• _Exercise aim_
Would you please restate every record exactly as written?

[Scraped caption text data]
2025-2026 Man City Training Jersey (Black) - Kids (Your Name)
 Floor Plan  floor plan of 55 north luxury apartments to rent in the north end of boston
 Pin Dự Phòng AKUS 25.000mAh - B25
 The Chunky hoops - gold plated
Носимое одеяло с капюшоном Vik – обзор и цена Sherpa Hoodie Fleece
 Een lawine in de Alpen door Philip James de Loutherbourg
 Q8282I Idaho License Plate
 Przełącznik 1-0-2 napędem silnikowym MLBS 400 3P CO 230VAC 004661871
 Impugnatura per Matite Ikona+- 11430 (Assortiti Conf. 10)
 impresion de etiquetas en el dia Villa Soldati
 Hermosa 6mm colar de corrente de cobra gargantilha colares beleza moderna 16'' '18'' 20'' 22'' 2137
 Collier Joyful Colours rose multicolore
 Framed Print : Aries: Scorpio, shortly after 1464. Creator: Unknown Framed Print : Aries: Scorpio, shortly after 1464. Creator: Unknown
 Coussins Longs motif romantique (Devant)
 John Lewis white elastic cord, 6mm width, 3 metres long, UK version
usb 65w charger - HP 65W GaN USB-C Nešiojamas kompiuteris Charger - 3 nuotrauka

• _Result below_
2025-2026 Man City Training Jersey (Black) - Kids (Your Name)
 Floor Plan  floor plan of 55 north luxury apartments to rent in the north end of boston
 Pin Dự Phòng AKUS 25.000mAh - B25
 The Chunky hoops - gold plated
Носимое одеяло с капюшоном Vik – обзор и цена Sherpa Hoodie Fleece
 Een lawine in de Alpen door Philip James de Loutherbourg
 Q8282I Idaho License Plate
 Przełącznik 1-0-2 napędem silnikowym MLBS 400 3P CO 230VAC 004661871
 Impugnatura per Matite Ikona+- 11430 (Assortiti Conf. 10)
 impresion de etiquetas en el dia Villa Soldati
 Hermosa 6mm colar de corrente de cobra gargantilha colares beleza moderna 16'' '18'' 20'' 22'' 2137
 Collier Joyful Colours rose multicolore
 Framed Print : Aries: Scorpio, shortly after 1464. Creator: Unknown Framed Print : Aries: Scorpio, shortly after 1464. Creator: Unknown
 Coussins Longs motif romantique (Devant)
 John Lewis white elastic cord, 6mm width, 3 metres long, UK version
usb 65w charger - HP 65W GaN USB-C Nešiojamas kompiuteris Charger - 3 nuotrauka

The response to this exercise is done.